Gwarancją, że krach z jesieni 2008 roku nie powtórzy się w przyszłości ma być zdaniem obu przywódców szereg zmian, które zwiększą odpowiedzialność obracającyh miliardami finansowych decydentów. Jednym z nich jest pomysł 50 proc. podatku od premii dla bankierów. "Podatek jest uzasadniony ponieważ bonusy za rok 2009 to nic innego jak pieniądze podatników, które w czasie kryzysu uratowały instytucje finansowe przed katastrofą" - czytamy w artykule.
Brown i Sarkozy wysyłają też jasny jasny sygnał, że ich tezy nie są pustymi deklaracjami. Już w środę brytyjski minister finansów Alistair Darling ogłosił, że wszyscy bankowcy którzy dostaną w tym roku więcej niż 25 tys. funtów nagrody połowę będą musieli oddać fiskusowi. Według informacji Financial Times podobne przepisy wprowadzi także Paryż. "Od dawna rozważaliśmy taki krok, nie chcieliśmy jednak iść tą drogą sami" - powiedział FT anonimowy francuski dyplomata.

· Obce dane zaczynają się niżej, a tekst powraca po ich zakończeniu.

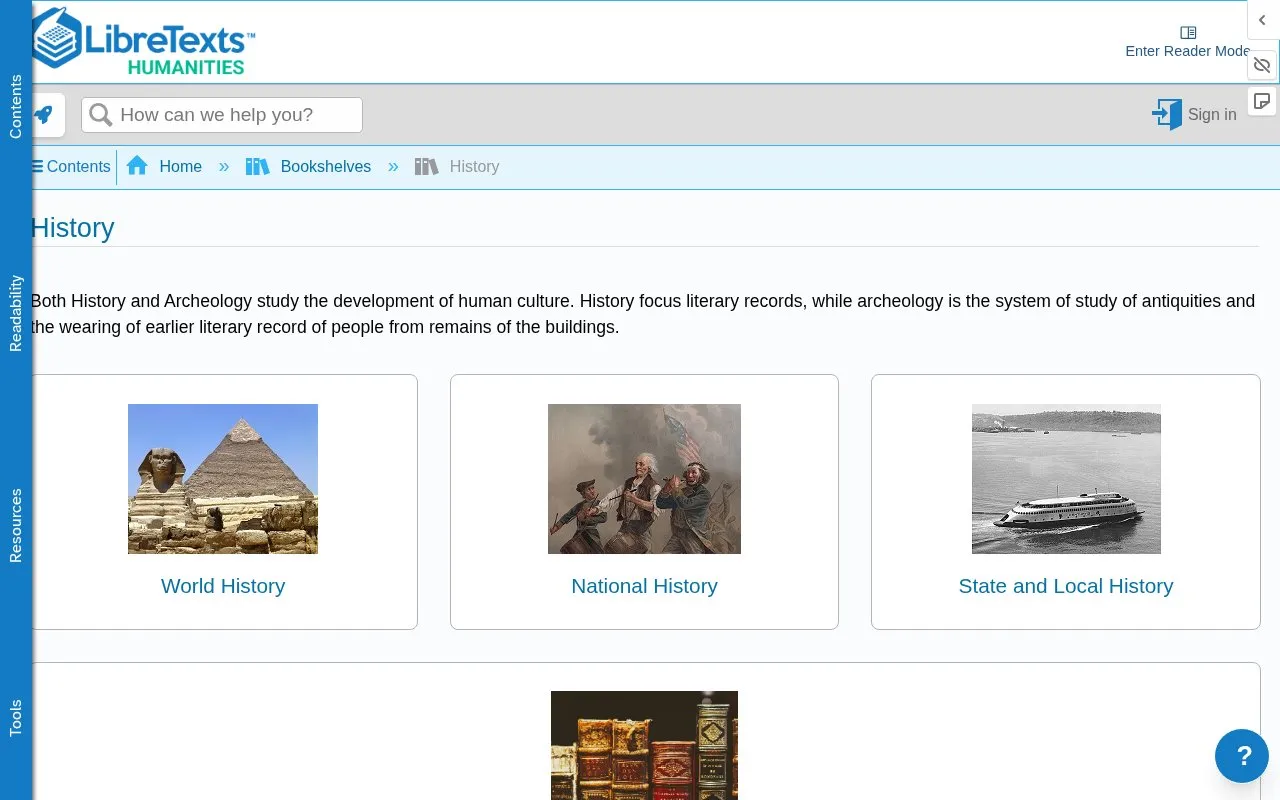 LibreTexts History homepage screenshot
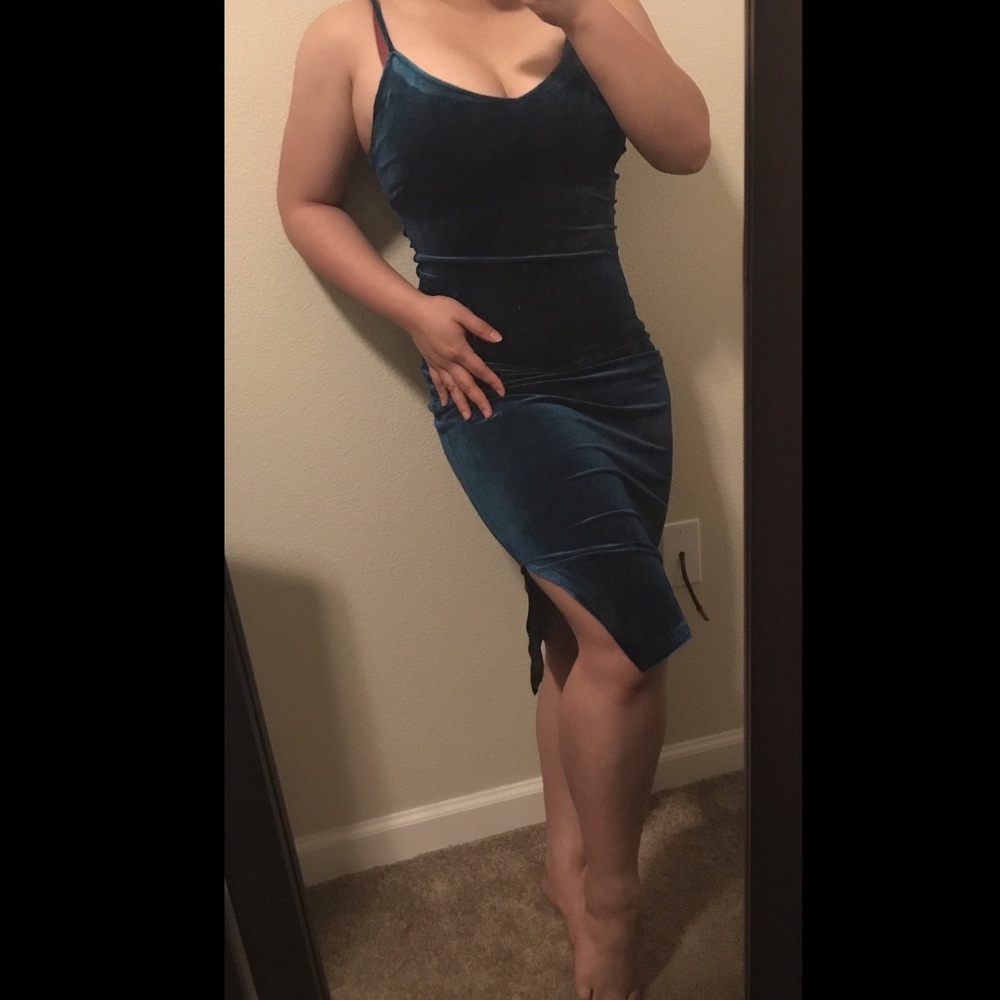 Velvet Slit Dress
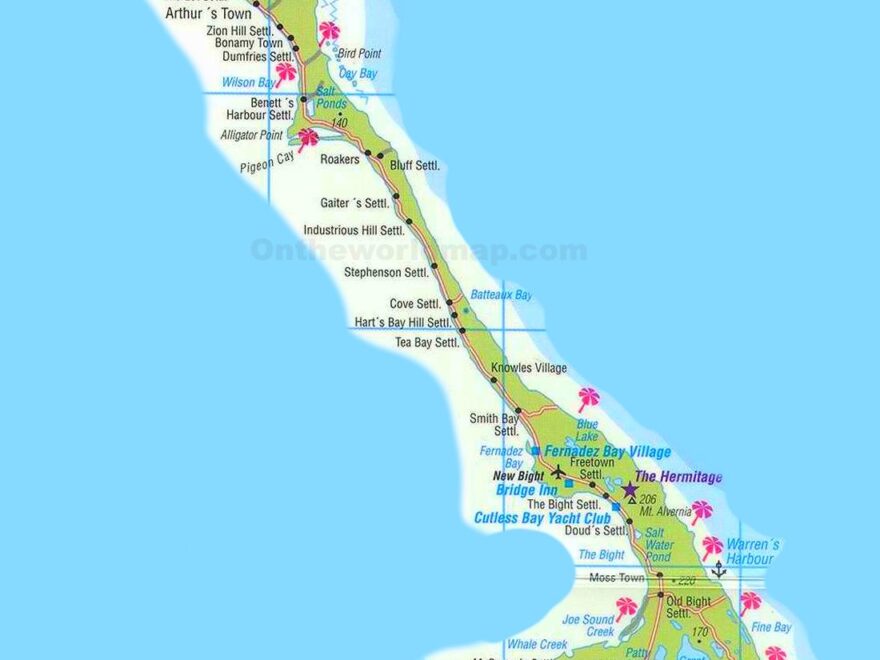 Cat Island Tourist Map Ontheworldmap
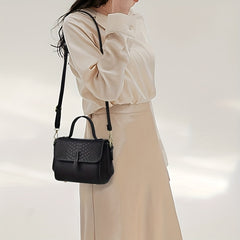 Small Snakeskin Embossed Crossbody Bag Women's Top Handle Purses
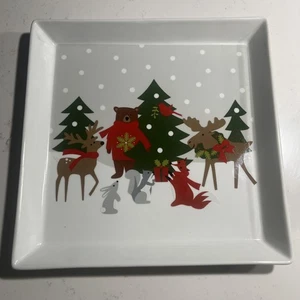 Crate & Barrel Holiday Critters 12" Platter Joan Anderson 2018 Christmas - Picture 1 of 8
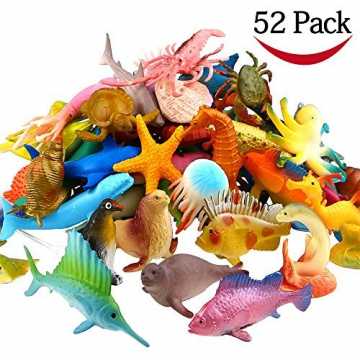 Greenheim Ihre Kinder lange beschäftigen können, sind unsere Meeresti.. e Spielzeug, 52 Stück Ausgewählte Mini Vinyl Plastik Tiere als Spielzeugset, ... nachhaltig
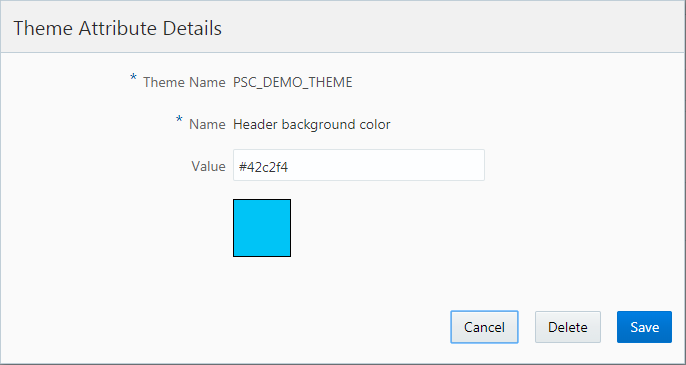 Modify Theme Attribute page, color preview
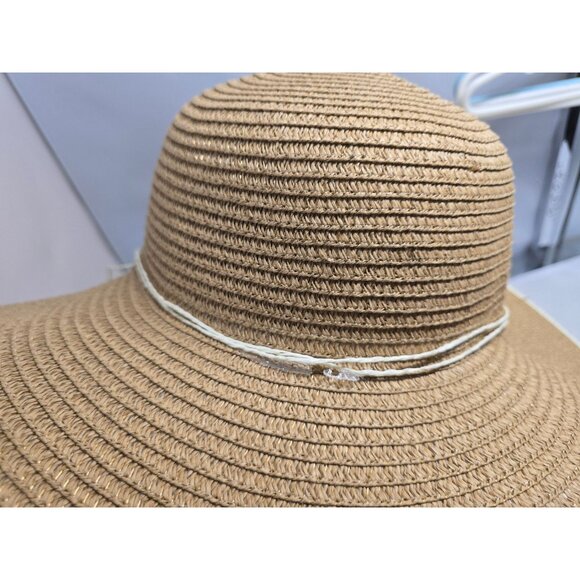 Wide Brim Floppy Straw Hat Daisy Flower Accent Natural Beige Summer beach nautic - Picture 6 of 10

Na rozpoczynającym się w piatek szczycie UE w Brukseli Brown i Sarkozy mają przekonywać do swojego pomysłu innych liderów wspólnoty. Przede wszystkim Angelę Merkel, która na początku kryzysu nie ustępowała Brownowi i Sarkozy'emu w ostrej krytyce bankierów. "Merkel nieprzypadkowo nie podpisała się pod artykułem w WSJ. Przyczyną jest weto współkoalicjanta liberalnej FDP, której główną klientelę stanowi lepiej zarabiająca część społeczeństwa. Niemcy będą szukali innych rozwiązań" - mówi nam Claire Demesmay, analityk Niemieckiego Towarzystwa Polityki Zagranicznej.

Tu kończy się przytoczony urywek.